The state Department of Environmental Conservation, which will have to review the company’s upcoming application to expand its Balmer Road landfill by 50 acres, approved the testing plans in late August.

“It seems to defy logic and reason at some points,” said Lewiston resident Karl Frankovitch.

Even a state environmental engineer seemed to see potential problems in the approved plans.

James Strickland, an agency engineer involved in hazardous-waste issues, presented details of the approved testing requirements to the group in Lewiston Town Hall.

Strickland said the testing plans are adaptable.

“It’s a learning process for us, too,” he said.

Portions of the CWM site were used to dispose of radioactive waste from experiments that were part of the Manhattan Project. The landfill facility is also adjacent to a 191-acre federal storage facility for radioactive waste known as the Niagara Falls Storage Site.

The state Department of Health issued an order banning soil disturbance in 1972, an order that was not enforced on any of the landfill operators at the site.

In 2002, the Army Corps of Engineers found small amounts of plutonium on an unused portion of the CWM site. The agency is continuing to investigate chemical and radiological contamination there.

The radiological testing plans include:

• A walkover survey of gamma radiation in areas both a part of current operations and to be developed.

• Soil sampling of areas with elevated radiation levels identified by the walkover survey.

• Tests of buildings that remain on site since the time the area was a part of the former Lake Ontario Ordnance Works, a federal weapons production facility. • Other air, water and ground

sampling.

• Permission for CWM to excavate their site for “small projects,” though the company is not limited in number of projects.

Advisory committee members questioned why the ground survey did not include an area known as the Central Drainage Ditch.

The ditch drains water from the CWM site into both Four Mile Creek and Twelve Mile Creek.

Lewiston resident Amy Witryol said she believes the area was cut out from testing after negotiations between state agency officials and CWM. Testing there would be expensive for CWM, and the area would not be part of the planned landfill expansion, Witryol said.

Town of Porter resident William Rolland said he was “thoroughly frustrated” by the bureaucracy involved at a site that has been the subject of investigation for decades.

Rolland said he could not understand why the Army Corps of Engineers does not have jurisdiction over the whole site.

“The whole process is just baffling,” he said.
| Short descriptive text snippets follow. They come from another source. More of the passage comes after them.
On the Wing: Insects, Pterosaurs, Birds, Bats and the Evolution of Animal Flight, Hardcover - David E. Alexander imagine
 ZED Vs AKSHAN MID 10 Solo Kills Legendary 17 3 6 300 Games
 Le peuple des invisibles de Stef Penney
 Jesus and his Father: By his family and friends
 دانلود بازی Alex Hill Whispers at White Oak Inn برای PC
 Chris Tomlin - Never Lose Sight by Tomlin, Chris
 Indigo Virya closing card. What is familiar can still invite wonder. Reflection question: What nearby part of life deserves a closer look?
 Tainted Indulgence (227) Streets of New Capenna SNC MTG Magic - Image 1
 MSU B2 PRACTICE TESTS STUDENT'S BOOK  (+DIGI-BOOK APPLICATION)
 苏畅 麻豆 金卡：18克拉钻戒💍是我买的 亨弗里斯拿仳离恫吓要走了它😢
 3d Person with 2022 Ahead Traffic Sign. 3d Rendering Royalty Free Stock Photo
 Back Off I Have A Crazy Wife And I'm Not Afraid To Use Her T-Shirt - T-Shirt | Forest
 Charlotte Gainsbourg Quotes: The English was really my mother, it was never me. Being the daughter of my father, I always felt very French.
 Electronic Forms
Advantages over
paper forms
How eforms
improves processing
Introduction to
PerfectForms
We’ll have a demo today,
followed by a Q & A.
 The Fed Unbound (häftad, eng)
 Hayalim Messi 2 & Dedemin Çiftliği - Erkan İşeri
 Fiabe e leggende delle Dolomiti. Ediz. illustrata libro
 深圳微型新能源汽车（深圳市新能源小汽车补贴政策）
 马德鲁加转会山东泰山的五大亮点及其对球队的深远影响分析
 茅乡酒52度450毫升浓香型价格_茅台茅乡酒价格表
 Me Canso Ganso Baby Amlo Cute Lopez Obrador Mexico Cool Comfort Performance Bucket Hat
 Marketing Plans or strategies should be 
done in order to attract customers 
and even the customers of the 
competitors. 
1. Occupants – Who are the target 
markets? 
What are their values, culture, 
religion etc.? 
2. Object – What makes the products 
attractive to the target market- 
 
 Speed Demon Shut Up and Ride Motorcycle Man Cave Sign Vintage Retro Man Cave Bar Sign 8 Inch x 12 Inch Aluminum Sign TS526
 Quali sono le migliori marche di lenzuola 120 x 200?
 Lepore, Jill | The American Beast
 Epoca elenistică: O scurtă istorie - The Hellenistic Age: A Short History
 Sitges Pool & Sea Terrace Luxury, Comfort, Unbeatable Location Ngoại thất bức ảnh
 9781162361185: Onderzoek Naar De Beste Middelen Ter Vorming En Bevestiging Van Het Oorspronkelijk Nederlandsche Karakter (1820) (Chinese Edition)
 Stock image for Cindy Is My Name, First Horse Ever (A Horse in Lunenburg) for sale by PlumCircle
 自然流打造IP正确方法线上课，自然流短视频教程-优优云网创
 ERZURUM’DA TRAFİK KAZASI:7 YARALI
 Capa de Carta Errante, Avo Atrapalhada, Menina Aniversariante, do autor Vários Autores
CWM did not send a representative to Thursday after- noon’s meeting. Afterward, spokeswoman Lori Caso said the testing standards imposed by the state are meticulous.

During digging, the tests will check for radiation every 6 inches. A certified health physicist will also be on hand during excavation, Caso said.

She also invited the public to a Nov. 8 information session on the radiation testing plans. The session will take place in the facility, 1550 Balmer Road. For information on the session, call 754-0404.

Copies of the approved testing plans are available at Youngstown Free Library, 240 Lockport St., Youngstown, and Porter Town Hall, 3265 Creek Road.